The architecture is a recurrent network with two ideas that matter. The first is bidirectional grid propagation. The model maintains a running feature representation that propagates information both forward (frame 1 → frame 2 → frame 3) and backward (frame N → frame N-1 → frame N-2) along the video. Information from earlier and later frames is available when the model decides what the high-resolution output for the current frame should look like. The second is flow-guided deformable alignment. Before fusing information from a neighbouring frame, the model warps that neighbour's features to align with the current frame, using a learned optical-flow estimate and deformable convolutions that adjust the alignment locally per pixel.
The result is dramatic. On the standard REDS4 benchmark (a four-clip subset of the REDS dataset used in NTIRE), BasicVSR++ achieves 32.39 dB PSNR — a 0.82 dB improvement over BasicVSR with roughly the same parameter count. On Vid4 (an older standard low-resolution video benchmark), BasicVSR++ achieves 27.79 dB. Those numbers are 2022 state of the art for open-weight pure-supervised VSR, and the model is still the workhorse in 2026 production pipelines despite three years of new diffusion-based competitors, because it runs faster, costs less to deploy, and is comprehensively understood.
The reference implementation lives at github.com/ckkelvinchan/BasicVSR_PlusPlus (and is also integrated into MMagic, the OpenMMLab generative model toolkit) under the Apache 2.0 license. BasicVSR++ generalises to video deblurring and denoising — the paper's follow-up technical report (arXiv 2204.05308) shows it winning the NTIRE 2022 Quality Enhancement of Compressed Video challenges as well.
The trade-off: BasicVSR++ assumes the input has been somewhat sanitised. It is excellent at recovering detail from genuinely high-quality but low-resolution source (a 480p Blu-ray master, a 720p broadcast feed) and visibly weaker on heavily degraded inputs (a VHS rip, a tape that has been re-encoded three times).
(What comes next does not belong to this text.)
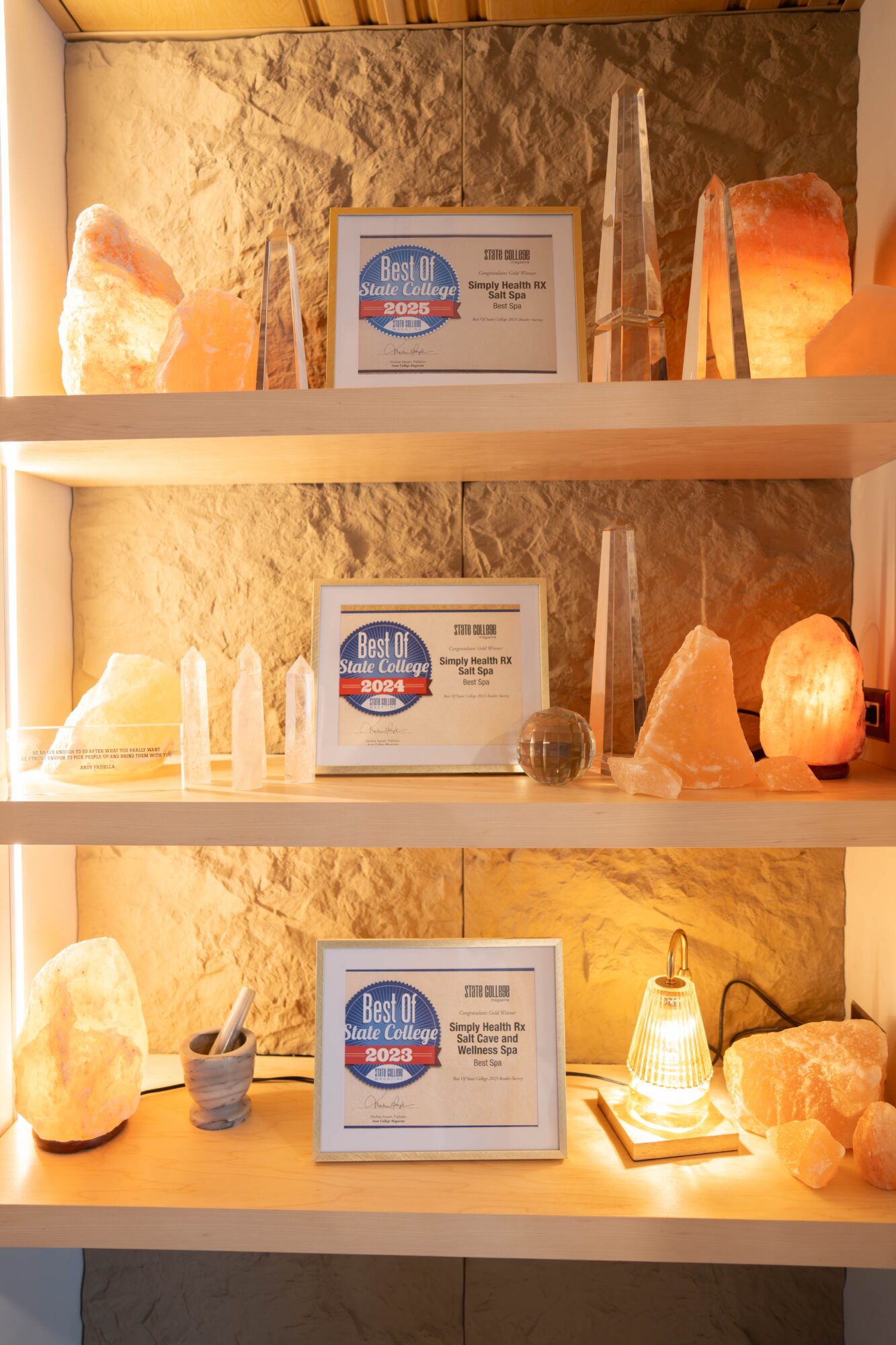 Three shelves with salt lamps, salt crystals, and framed signs, illuminated by warm lighting, against a textured wall.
For truly degraded archive content, the production pattern is to run Real-ESRGAN-style restoration first (to remove compression artifacts and basic noise), then run BasicVSR++-style video super-resolution on the cleaned-up intermediate.
Figure 2. BasicVSR++ runs both forward and backward through the clip, warping neighbour frames into alignment with the current frame before fusing them. This is the architectural reason its output is temporally stable.
The Wider Family — Diffusion Upscalers And The 2026 Frontier
Real-ESRGAN and BasicVSR++ are the two open-weight workhorses, but they are not the only options. Three other families are worth knowing because they show up in commercial products and in the engineering choices ahead of you.
VideoGigaGAN (Adobe Research, arXiv 2404.12388, April 2024) is a video-native generative super-resolver that builds on the large-scale image GAN GigaGAN. It produces visibly richer textures than BasicVSR++ at 8× upscales — its headline claim — but ships only as a research preview, with Adobe stating no immediate plans to release it in Premiere Pro. It also has a hard limit: performance drops sharply beyond about 200 frames (8–10 seconds at 24 FPS), which is fine for shot-level processing but not for long-form OTT episodes. Treat it as the research benchmark the commercial 8× tools were judged against, not as a tool you can ship.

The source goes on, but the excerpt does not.